### What to do
Since only the words are wanted, reproduce every entry exactly and leave the images behind.

### Records
+-------+

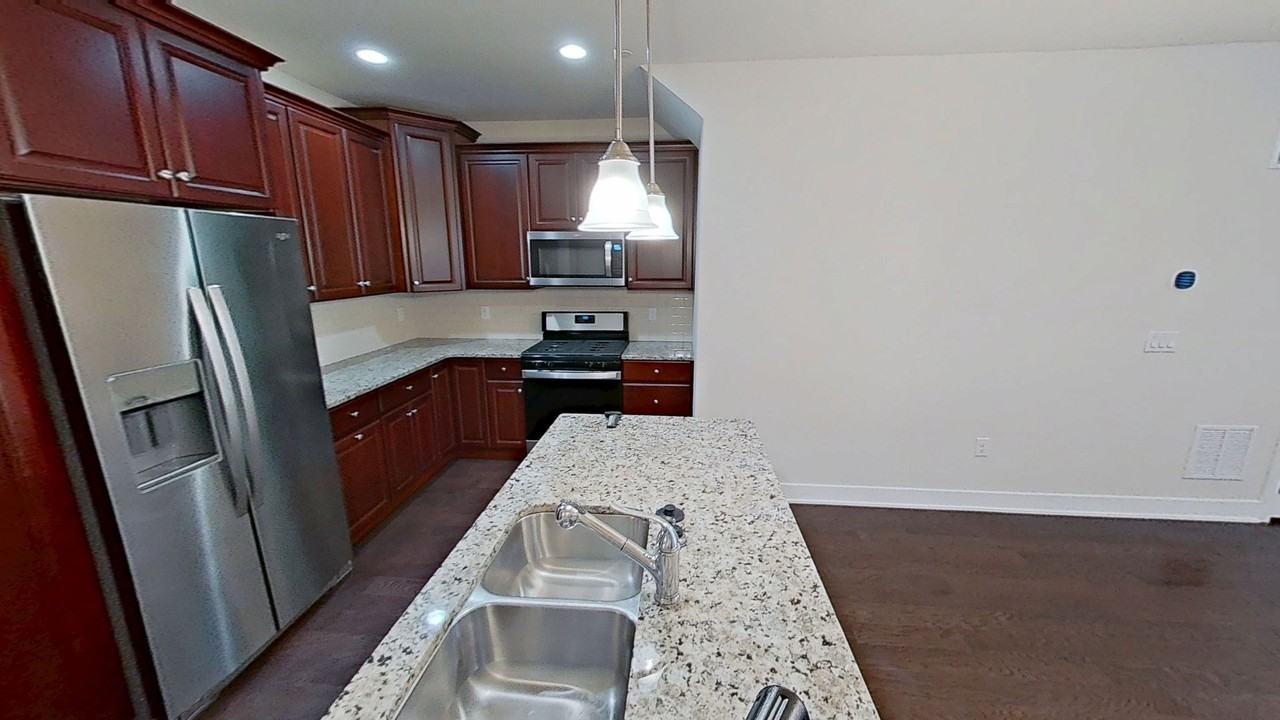 711 Lakeview Ct - Photo 6 of 25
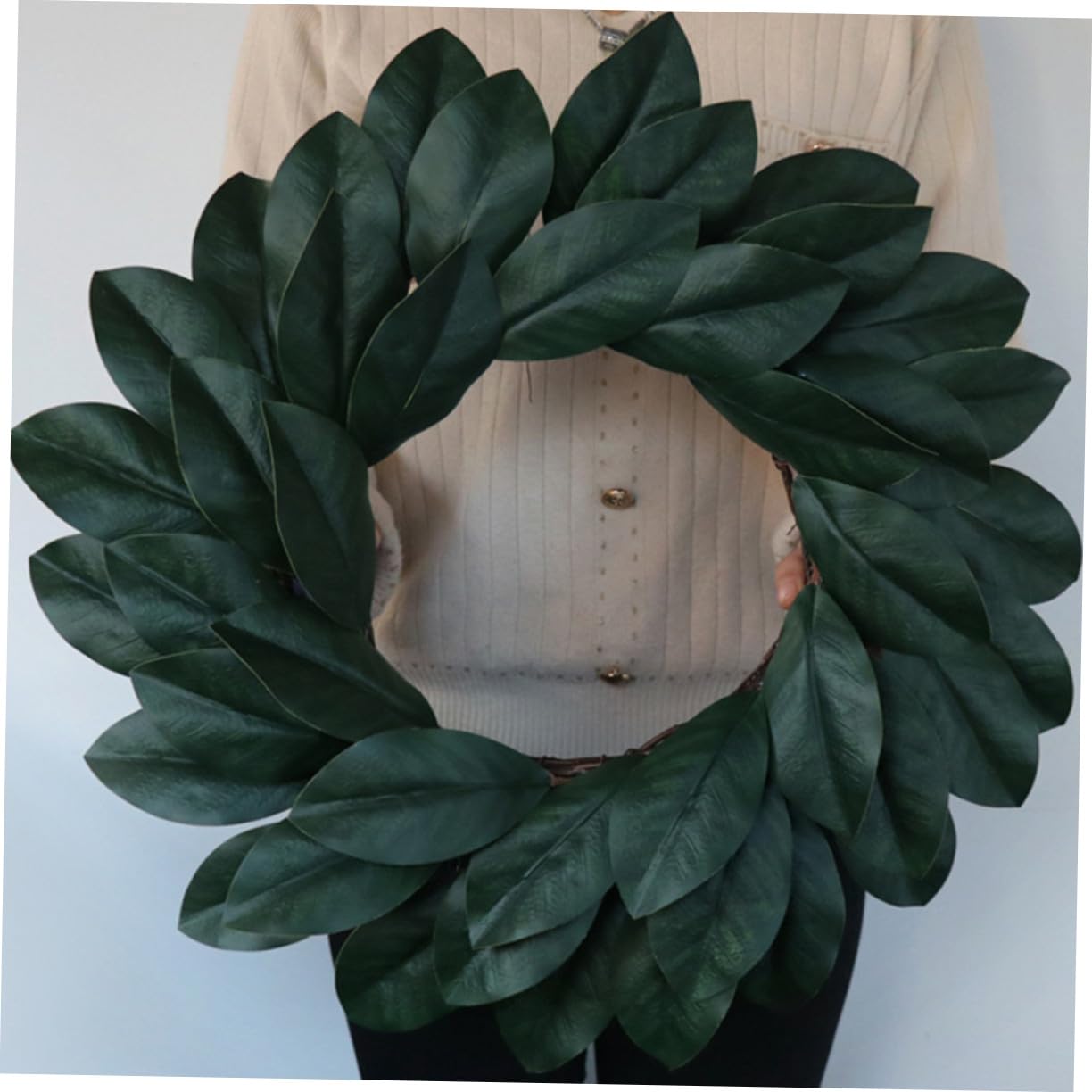 Künstlicher Rattan Magnolienkranz aus Kunststoff und Haustür | Wanddeko, Lebensnah und Handgefertigt, mit Lebendigen Pflanzen und Festlicher Stimmung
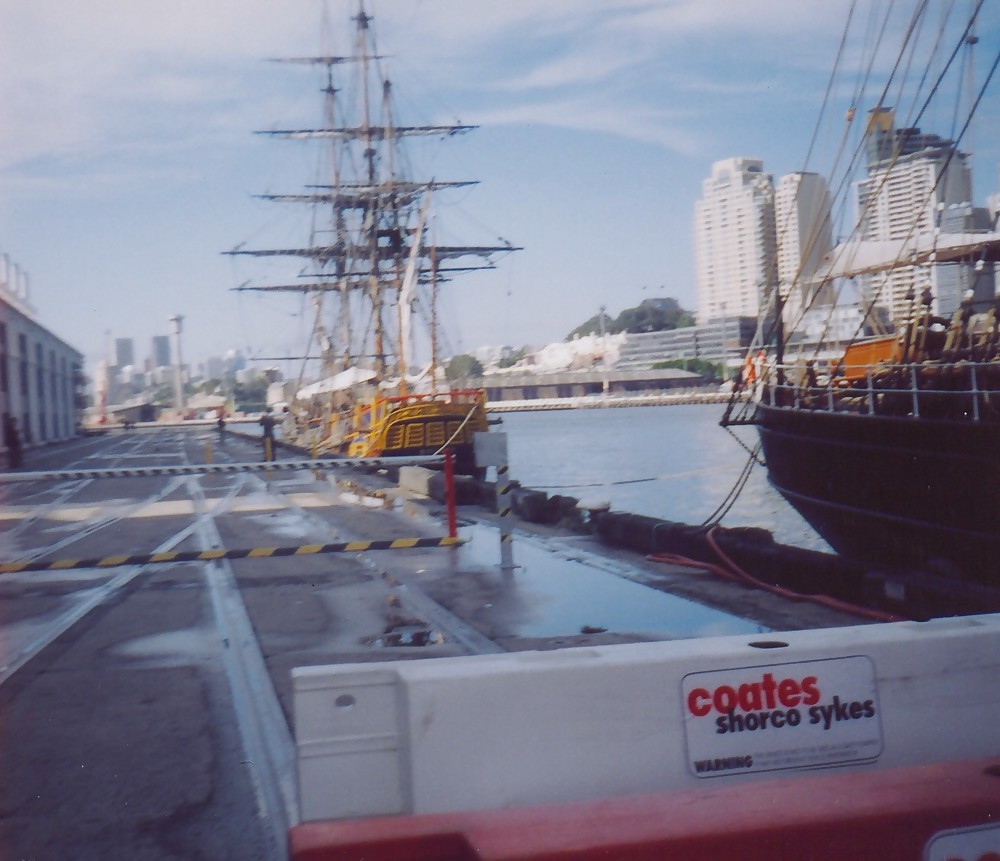 HMSボウンティー・レプリカ（ニュージーランド製）、シドニー港 2004
 #13869095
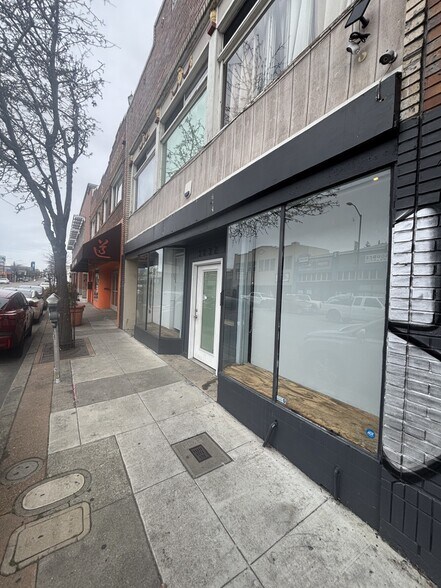 More Photos Of 3830-3838 Macarthur Blvd, Oakland Storefront Retail Residential For Lease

+-------+

### Response below
 711 Lakeview Ct - Photo 6 of 25
 Künstlicher Rattan Magnolienkranz aus Kunststoff und Haustür | Wanddeko, Lebensnah und Handgefertigt, mit Lebendigen Pflanzen und Festlicher Stimmung
 HMSボウンティー・レプリカ（ニュージーランド製）、シドニー港 2004
 #13869095
 More Photos Of 3830-3838 Macarthur Blvd, Oakland Storefront Retail Residential For Lease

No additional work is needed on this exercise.